“Constant vigilance is the price of freedom,” we are told, though apparently this remark did not originate with the American founding father, hero, slave owner and rapist Thomas Jefferson. Still, this orphan quotation is highly spoken of, so in that spirit I would like to note that the Hong Kong Court of Appeal has just come up with a really bad idea.

The matter before their Lordships concerned two cases in which the presiding judge had ruled that the defence had no case to answer and acquitted the defendant off his or her own bat, as it were.

Department of Justice
Department of Justice. Photo: GovHK.

The appeal judges were asked by the Department of Justice to assess the correctness of these moves. This was not in the strict sense of the word an appeal because the verdicts were final.

The successful defendants had in fact left the territory, which the judges seemed to feel was rather inconsiderate of them. But the accused were all from distant countries (both cases concerned drug smuggling) and one imagines that two years in remand custody in Hong Kong would cause in most people an acute case of homesickness.

Their lordships’ judgement is neither easy reading nor brief. Readers who survive the experience will have had a lengthy tour of the law on “no case to answer” in several jurisdictions and some decided local cases. Their conclusions may be summarised as: the two judges were wrong and the law is reasonably clear, but some recent statements of it were, no doubt unintentionally, ambiguous and confusing. Error was understandable.

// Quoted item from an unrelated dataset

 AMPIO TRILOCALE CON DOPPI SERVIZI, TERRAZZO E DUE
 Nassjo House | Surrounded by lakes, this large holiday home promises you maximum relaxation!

The way this works is that in criminal cases the proceedings start with the presentation of the case for the prosecution. When the prosecution has done its stuff the lawyer for the defence may ask the judge or magistrate to rule that there is “no case to answer”. In other words the prosecution’s case is so weak that the defendant should be acquitted without further ado.

High Court
High Court. File photo: Kyle Lam/HKFP.

Judges who have brushed up on the latest from the Court of Appeal will only do this in two sets of circumstances. One is if the prosecution’s case incorporates a fatal error in law – if for example they have charged you under a statute which was not in force at the time of the offence. The other is if they have produced no evidence at all for some indispensable fact related to the case – that the white powder in your suitcase was actually a controlled drug, say.

Likewise, and even less often, the judge may decide after hearing the defence that the prosecution’s case has been so comprehensively demolished that there is no need to trouble the jury with it. If, for example, the alleged murder victim appears alive and kicking in the witness box, the presiding judge will conclude that this case is never going to fly and hoof it off the runway himself.

So far we have merely a restatement of what most people thought the law was anyway, more or less. Those of us who like to think of judges as human may wonder if the two judges concerned would have been less prone to error if they were not feeling some subconscious resistance to the local policy of sentencing the small potatoes of the international drugs trade to decades in prison, despite such sentences being both inhumane and demonstrably ineffective.

However the Court of Appeal did not stop at correcting error. It added the suggestion that if a defendant was acquitted under these circumstances the prosecution should be allowed to appeal against the ruling, as it can in England and Wales.

The Statue of Justice atop the Old Bailey in London, England. Photo: Wikicommons.
The Statue of Justice atop the Old Bailey in London, England. Photo: Wikicommons.

This is a reference to the Criminal Justice Act of 2003, which is a monument to the proposition that no principle can be too basic or ancient to be violated by a Labour government keen to present itself as “tough on crime.”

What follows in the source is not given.